Yeah, I would say around 70$ each, but I have seen them for as cheap as 50 and as much as 100. How much did you get yours for?


----------



## NickBoudin (Nov 3, 2007)

$35 each. I knew that had to be worth more. I snagged 4 while I could. CB too, so I was told.


----------



## Otis (Apr 16, 2006)

Well, you were right assuming they are cb. I have never seen wc galacs FS, not sure if thats coinsidence or if that is due to export laws...


----------



## NickBoudin (Nov 3, 2007)

Any idea on the age? I'm not sure. I've never kept galact's before. Very bold frogs I've noticed so far.


----------



## Otis (Apr 16, 2006)

They look good, and sweet viv. It looks pretty grown if you've just set it up. 
Have you heard any calling? galacs can take at least 2 years to mature so if you hear calling they are probably at least 2. Other than that, if they look full grown and healthy they are probably at least a year old. Besides size and calling I have no idea how to tell how old a frog is, they age much better than us!


----------



## NickBoudin (Nov 3, 2007)

No calling yet. I think they still have a while before they're mature, though, I am not sure.
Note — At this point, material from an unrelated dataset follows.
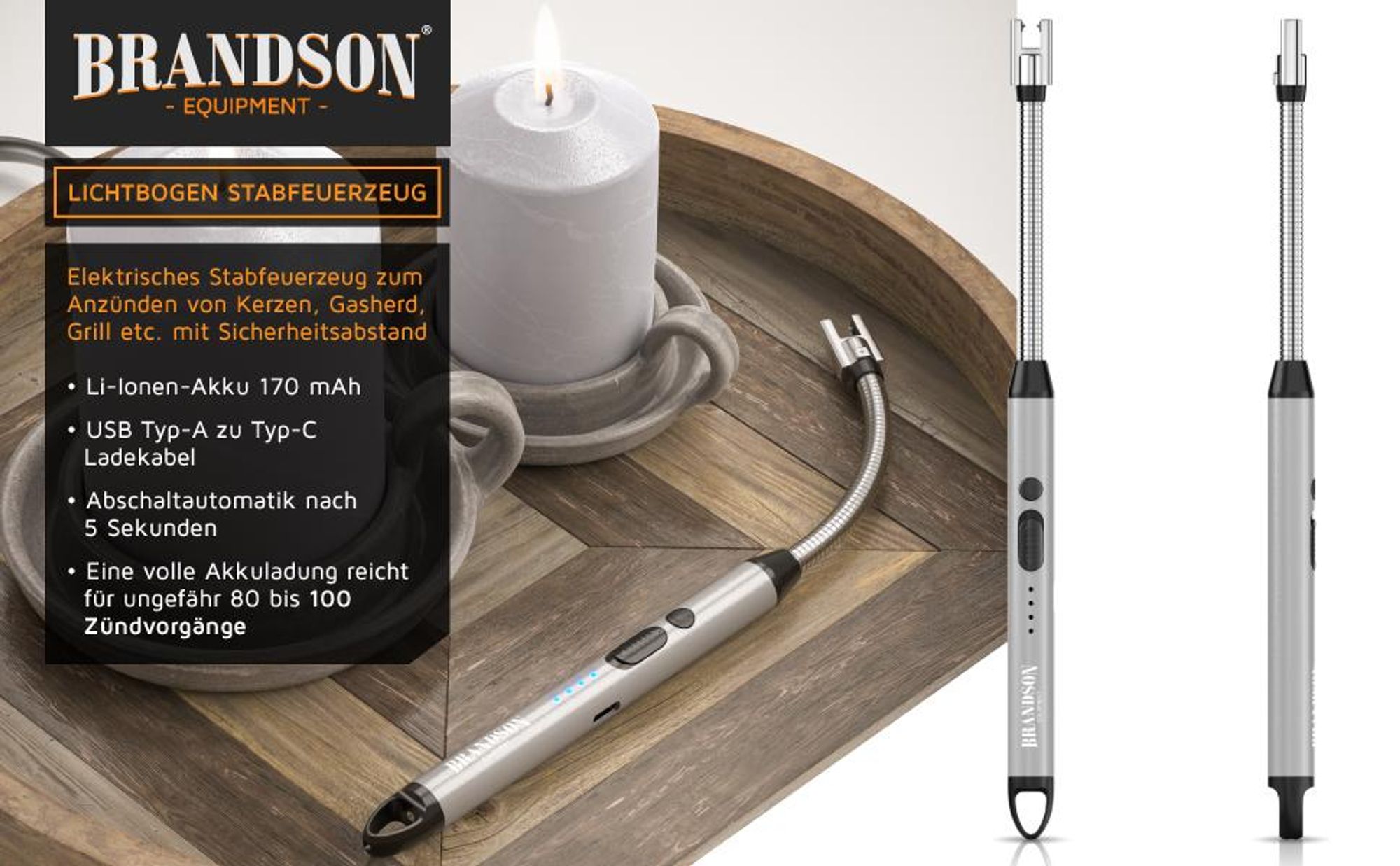 Brandson Lichtbogen-Stabfeuerzeug, Lichtbogen-Stabfeuerzeug mit Akku und USB-C-Ladekabel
Do the males call, before they mature? Or is that a sure sign that they ARE mature?


Sorry, I've only kept froglets, and I have not kept adults in the past.


----------



## Otis (Apr 16, 2006)

Calling means they are sexually mature, but just because they do not call and are males it does not mean they are not mature. Calling depends on a lot of things, and if you just got them it may take a little while for them to get used to everything before they start thinking about breeding. Your frogs look great though!


----------



## AlexD (Sep 19, 2007)

otis07 said:


> Well, you were right assuming they are cb. I have never seen wc galacs FS, not sure if thats coinsidence or if that is due to export laws...
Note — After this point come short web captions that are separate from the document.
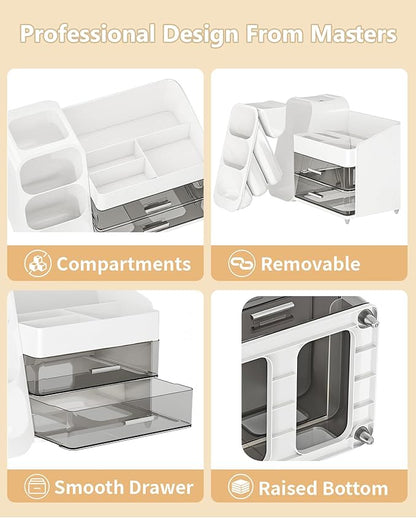 Anylady Makeup Organizer with Drawers, Skincare Organizer (Large Size Thick), Storage Box Cosmetic Display Cases, Make up Organizers for Vanity, Dresser, Desk, Kitchen, Countertop (White)
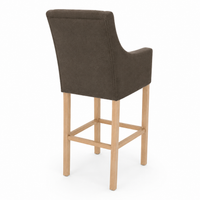 Bar Stool Orlando - Brown Fabric & Natural Oak Legs - 70 x 62 x 149 cm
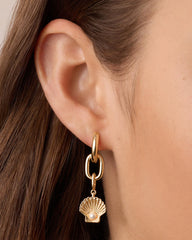 Shell Pearl & Starfish Charm Huggies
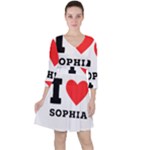 I love sophia Quarter Sleeve Ruffle Waist Dress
Yeah, since these guys are from Brazil, there are no wild-caughts. There was even some small discussion at one point about their legality, along with castis, even for CB's, but I think that has pretty much blown over.


----------



## ggazonas (May 11, 2008)

Did you get those from the white plains show, I think I may have spoken to you.


----------



## ggazonas (May 11, 2008)

If those are from the White plains hsow I beleiv they are between 4-6 months old, and they are very healthy looking frogs.


----------



## evolvstll (Feb 17, 2007)

You are very unlikely to see WC galacs as they are native to Brazil. Brazil does not export...........likely entered the market from offspring from zoos, or paperwork was obtained in Europe and then imported.


----------



## markpulawski (Nov 19, 2004)

There were 1000's of Galacs smuggled out of Brazil in the late 90's, I believe most went through Surinam and then to Europe. Quite a few WC were brought over here, "legally" exported from Europe, most all were orange and reds. Some of the rarers morphs came over later as CB animals (yellow, moonshine, solid orange).


----------